Ma c’è pure un’altra cosa per cui Rita Pavone si distingue. “Non è facile avere 18 anni” era stato il titolo di un altro suo grande successo. Una chiave per comprendere il disagio che avrebbe portato molti dei suoi fan a fare il Sessantotto ma poi a dimenticarla. Eco la pone alla base della sua analisi: “La Rita Pavone reale poteva avere anche diciott’anni (come poi si è appurato)”, osservava. “Ma il personaggio ‘Pavone’ oscillava tra i tredici e i quindici”. Da cui un interesse “morboso” perché “c’era in questa ragazzina una sorta di appello non riducibile alle categorie consuete”. “La Pavone appariva come la prima diva della canzone che non fosse donna; ma non era neppure bambina, nel senso in cui lo sono i soliti insopportabili fanciulli prodigio”. 
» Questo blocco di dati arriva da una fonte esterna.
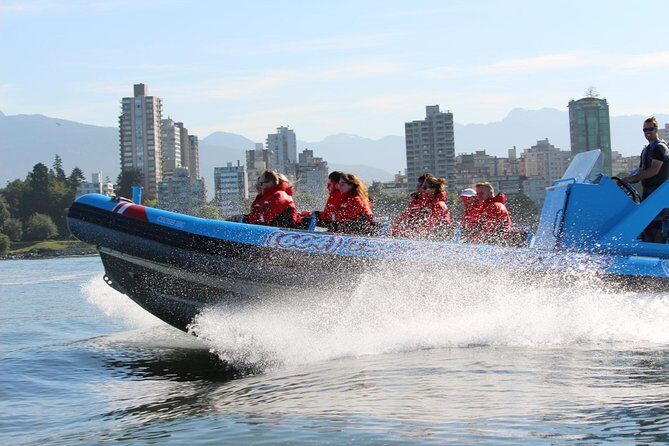 Vancouver City and Seal Colony Scenic Boat Tour - English Bay to Lighthouse Park: The Coastline Where the Ride Turns Wild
Il martello, pur “depotenziato”, era una contestazione che minacciava già di sfasciare tutto. Il periodo partigiano prima del ’68 


 

Insomma, “il fascino della Pavone stava nel fatto che in lei quanto sino ad allora era stato argomento riservato per i manuali di pedagogia e gli studi sull’età evolutiva, diventava elemento di spettacolo”. “Questa ragazza che camminava verso il pubblico con l’aria di domandare un gelato, e le uscivano di bocca parole di passione; questa voce ineducata il cui timbro, la cui intensità ben si addiceva a chiamar la mamma dal cortile, e che trasmetteva messaggi di passione sgomenta; quel volto, da cui ormai, passato il primo spaesamento, si attendevano ammiccamenti maliziosi, e dichiarava all’improvviso un mondo fatto di semplicità e calze di lana bianca”. Per Eco “in Rita Pavone per la prima volta, di fronte a una intera comunità nazionale, la pubertà si faceva balletto e acquistava pieni diritti nell’enciclopedia dell’erotismo – a livello di massa, badiamo, e coi crismi dell’organismo televisivo di stato, e dunque agli occhi della nazione consenziente, non nelle pagine di un Nabokov dedicato ad acquirenti colti, e al massimo ad adolescenti curiosi”. Forse Rita Pavone era anche l’icona di un paese in cui il Boom stava per far scoppiare le contraddizioni di una società non cresciuta all’altezza dell’economia.

 

Dopo che, nel 1968, la contraddizione scoppia, anche Rita Pavone smette di botto di essere una reginetta della musica italiana. Non della musica tout court, anzi. Nel 1969 è il suo massimo successo discografico in Germania, è del 1972 quel “Bonjour la France” che scritto per lei da Claudio Baglioni vende 650 mila copie e apre alla “petite italienne” per un mese intero le porte del teatro Olympia di Parigi, e in seguito imperversa in Sud America.

 

Cambi di umore politico a parte, Rita Pavone nel 1968 sposa in Svizzera Teddy Reno, che aveva 19 anni più di lei ed era stato già padre di un figlio. La stampa scandalistica si scatena, e l’immagine della ragazzina in tempesta ormonale ma in fondo a posto si brucia definitivamente. Oltretutto, Alighiero Noschese fa dei novelli sposi una imitazione un po’ pesante, loro querelano la Rai, e Rita sparisce per un bel po’ dal piccolo schermo nazionale.

 

Poi ci torna, avrà nuovi problemi, farà nuove canzoni, andrà soprattutto in teatro, interpretando perfino Shakespeare. Nel 1989 esce il suo ultimo album in studio; nel 2006 annuncia il ritiro. Ma nel 2013 torna in campo, con un doppio album e anche una serie di concerti. Nel 2016 va a “Ballando con le stelle”, e adesso presenta a Sanremo “Niente (Resilienza 74)”. Interpretazione autentica dell’interprete: “Settantaquattro sono i miei anni. E la resilienza è stata la costante della mia vita. Sono una abituata agli alti e bassi a grandi successi e grandi delusioni. Questo prendere schiaffi rimanendo sempre in piedi mi ha reso fiera. Sono come una canna, mi piego ma non mi spezzo”. Sentiremo.